Awareness training goes a long way. Especially in the young environment. About every 4 years have an FBI rep visit a school, or have the school visit a regionally sponsored mandatory event at an auditorium and make the kids understand what others have received in jailtime for PII and SSN abuse. Include crime awareness training and offer anonymous toll free lines to report suspicious activities.
That will set the tone for them. Then all actions of PII or SSN abuse, the person responsible for the breach/leak/insider shopuld have a mandatory jail sentence or other serious infraction. Most just are forced to retire, resign or otherwise. Whats that tell me? they just move on to somewhere else to do potentially where they left off. No mandatory training, or public service time calling the customers and saying “I’m sorry, I am one of the individuals that have compromised your identity”. No one has the…… fortitude to make the events shameful because it will bring unwanted shame to the accused. LOL. Geesh. Tell that to the victims. The system is broke – – – minus the crooks who are taking full advantage of the issues without much retaliation from the justice systems. Crazy.
“who certifies the school records are secure.”
If a business promises security and fails wildly, they may face problems with the FTC for deceptive practices. What is the equivalent for a school district that promises to keep student data secure but is ridiculously lax in security?

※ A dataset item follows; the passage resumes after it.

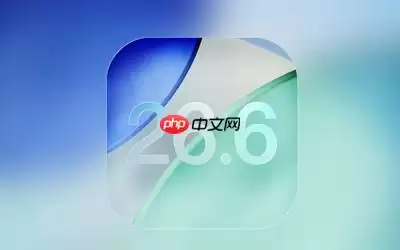 苹果发布iOS 26.6与macOS Tahoe 26.6第三个公开测试版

Has the U.S. Dept. of Education ever done anything about lax data security by a public school district or state education department? Have they ever even audited districts or required states to conduct real audits? As far as I know, the answers are no, no, and no.
If your kid can’t be trusted to drive safely, you don’t just buy them a car and toss them the keys. If schools can’t be trusted to do a reasonable job of security sensitive data, maybe we shouldn’t allow them to put themselves and others at risk.